Nigeria slashes oil production cost to $23/barrel
The Nigerian National Petroleum Corporation (NNPC) says that it has succeeded in further driving down the cost of crude oil production from $28.99 per barrel as at the end of 2016 to $23 per barrel in July 2017.
Nigeria first achieved a 68.5 per cent reduction in August 2015 when it cut its unit technical cost for oil production from $78 per barrel to $28.99 per barrel.
This latest reduction in production cost follows increased criticism of Nigeria's high cost of crude oil production per barrel, which has put the country at a disadvantage in the international market, resulting in its traditional trading partners opting for crude from cheaper sources.

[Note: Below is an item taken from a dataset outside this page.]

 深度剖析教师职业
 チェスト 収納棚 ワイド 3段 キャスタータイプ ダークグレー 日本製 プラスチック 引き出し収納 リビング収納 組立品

Recall, recent reports stated that the United Kingdom, Brazil and Nigeria had the world's highest average cost of oil production put at $44.33 per barrel, $34.99/b and $28.99/b respectively. On the other side of the coin, Saudi Arabia, Iran and Iraq produce oil at $8.98/b, $9.08/b and $10.57/b respectively.
In a move that could impact negatively on Nigeria’s spot crude export market, India and South Korea, arguably two of Asia's largest importers of crude oil have reportedly diversified their crude sources in favour of the cheaper and attractive price offerings for US crude grade West Texas Intermediate (WTI).
Therefore, disclosing the latest development during the inauguration of National Petroleum Investment Management Services (NAPIMS) Anti-Corruption Committee, the unit's Group General Manager, Engr. Dafe Sejebor said by the action, the country had saved a minimum of $3 billion per annum.
Engr. Sejebor said NAPIMS arrived at the figure after looking at the difference between the $78 and $23 which represent the old and new cost of production in relation to the present daily average production in the country.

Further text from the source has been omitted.